Differences between the classic language level and all other standard-based language levels

The following outlines the differences between the classic language level and all other standard-based language levels:

Tokenization

Tokens introduced by macro expansion may be combined with adjacent tokens in some cases. Historically, this was an artifact of the text-based implementations of older preprocessors, and because, in older implementations, the preprocessor was a separate program whose output was passed on to the compiler.

For similar reasons, tokens separated only by a comment may also be combined to form a single token. Here is a summary of how tokenization of a program compiled in classic mode is performed:

  1. At a given point in the source file, the next token is the longest sequence of characters that can possibly form a token. For example, i+++++j is tokenized as i ++ ++ + j even though i ++ + ++ j may have resulted in a correct program.
  2. If the token formed is an identifier and a macro name, the macro is replaced by the text of the tokens specified on its #define directive. Each parameter is replaced by the text of the corresponding argument. Comments are removed from both the arguments and the macro text.
  3. Scanning is resumed at the first step from the point at which the macro was replaced, as if it were part of the original program.
  4. When the entire program has been preprocessed, the result is scanned again by the compiler as in the first step. The second and third steps do not apply here since there will be no macros to replace. Constructs generated by the first three steps that resemble preprocessing directives are not processed as such.

It is in the third and fourth steps that the text of adjacent but previously separate tokens may be combined to form new tokens.

The \ character for line continuation is accepted only in string and character literals and on preprocessing directives.

Constructs such as:

#if 0
  “unterminated
#endif
#define US ”Unterminating string
char *s = US terminated now“

will not generate diagnostic messages, since the first is an unterminated literal in a FALSE block, and the second is completed after macro expansion. However:

char *s = US;

will generate a diagnostic message since the string literal in US is not completed before the end of the line.
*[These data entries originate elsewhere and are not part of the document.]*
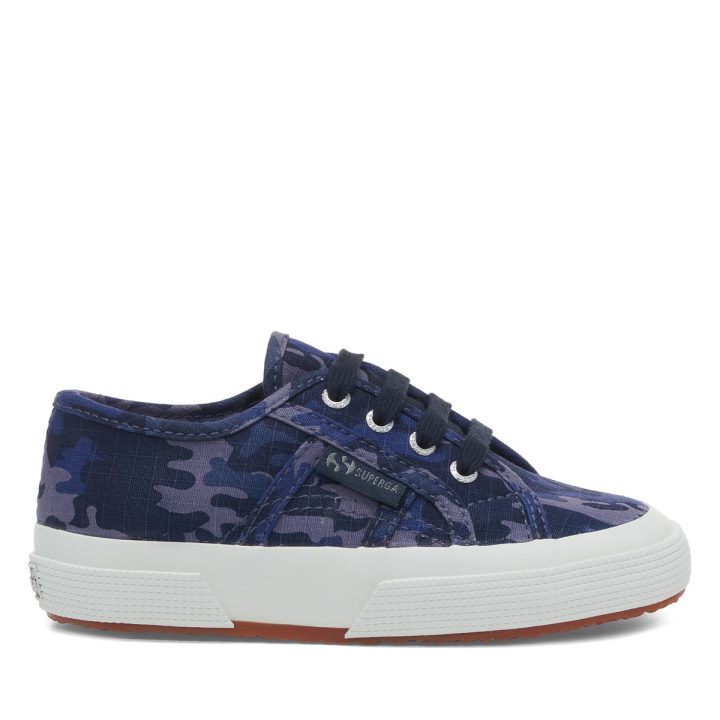 Superga 2750 Kids Camo Ripstop Bleu Gris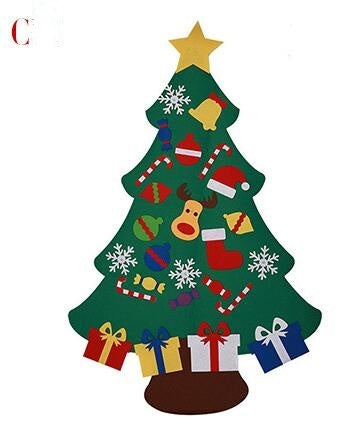 HKM-722451 DIY Felt Christmas Tree with 32 Decorations for Toddlers, Holiday Wall Hanging Ornament Set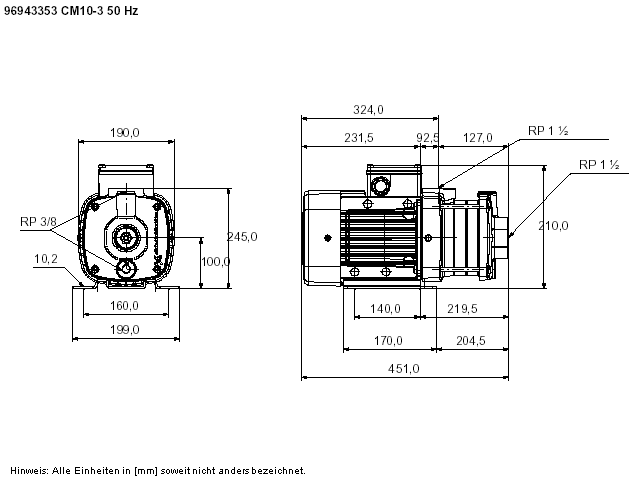 Grundfos CM10-2 A-R-A-e-AQQE F-A-A-N Kreiselpumpe Pumpe 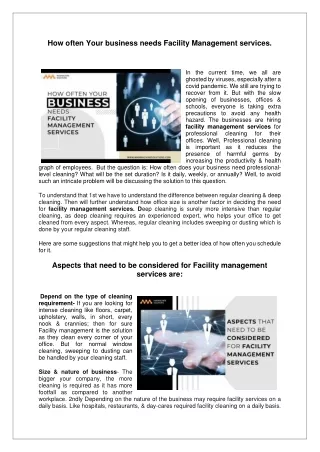 how often your business needs facility management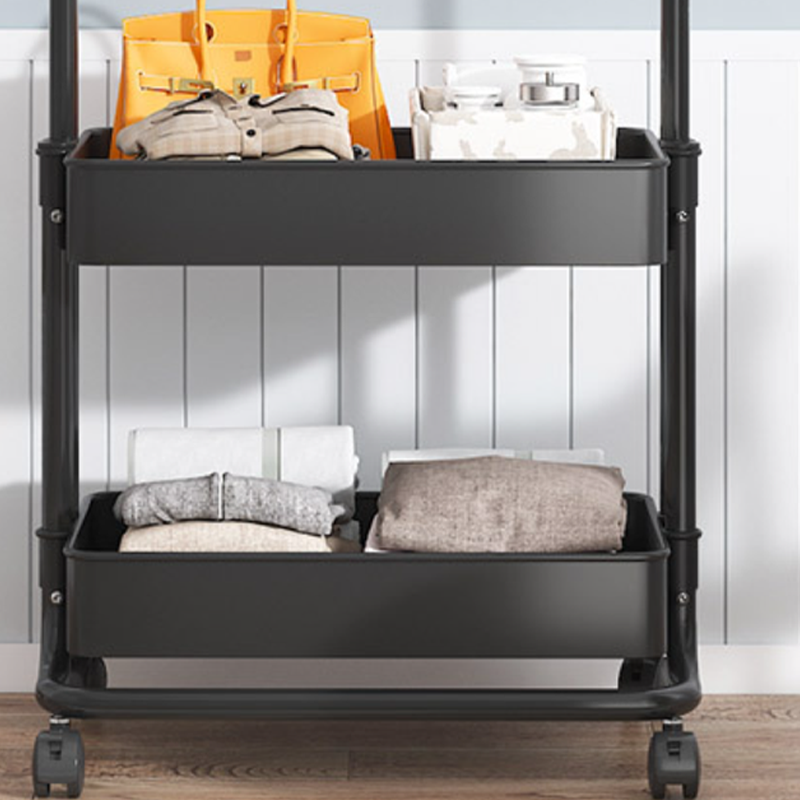 Modern Minimalist Iron Plastic Rectangular Mobile Hall Tree Coat Rack With 1/2 Storage For Bedroom
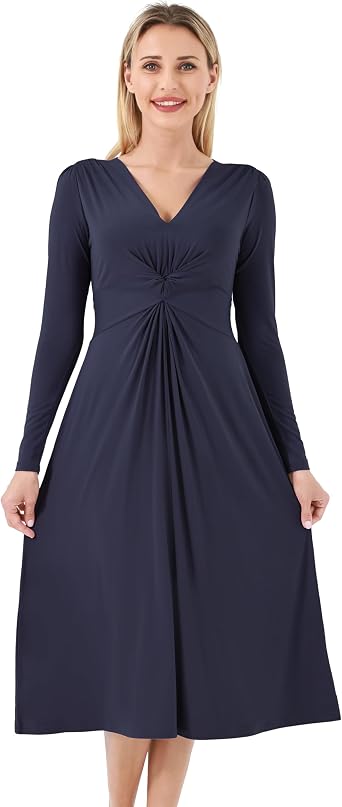 Womens Long Sleeve Dress V Neck Fall Casual Floral Dresses High Waist Dress-Viscose from Bamboo S-XXL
Empty character literals are allowed. The value of the literal is zero.

Preprocessing directives

The # token must appear in the first column of the line. The token immediately following # is available for macro expansion. The line can be continued with \ only if the name of the directive and, in the following example, the ( has been seen:
#define f(a,b) a+b
f\
(1,2)      /* accepted */
#define f(a,b) a+b
f(\
1,2)       /* not accepted */

The rules concerning \ apply whether or not the directive is valid. For example,

#\
define M 1   /* not allowed */
#def\
ine M 1      /* not allowed */
#define\
M 1          /* allowed */
#dfine\
M 1          /* equivalent to #dfine M 1, even
                   though #dfine is not valid  */

Following are the preprocessor directive differences.

#ifdef/#ifndef
When the first token is not an identifier, no diagnostic message is generated, and the condition is FALSE.
#else
When there are extra tokens, no diagnostic message is generated.
#endif
When there are extra tokens, no diagnostic message is generated.
#include
The < and > are separate tokens. The header is formed by combining the spelling of the < and > with the tokens between them. Therefore /* and // are recognized as comments (and are always stripped), and the and ' do begin literals within the < and >. (Remember that in C programs, C++-style comments // are recognized when -qcpluscmt is specified.)
#line
The spelling of all tokens which are not part of the line number form the new file name. These tokens need not be string literals.
#error
Not recognized.
#define
A valid macro parameter list consists of zero or more identifiers each separated by commas. The commas are ignored and the parameter list is constructed as if they were not specified. The parameter names need not be unique. If there is a conflict, the last name specified is recognized.

For an invalid parameter list, a warning is issued. If a macro name is redefined with a new definition, a warning will be issued and the new definition used.

#undef
When there are extra tokens, no diagnostic message is generated.

Macro expansion

Text output

No text is generated to replace comments.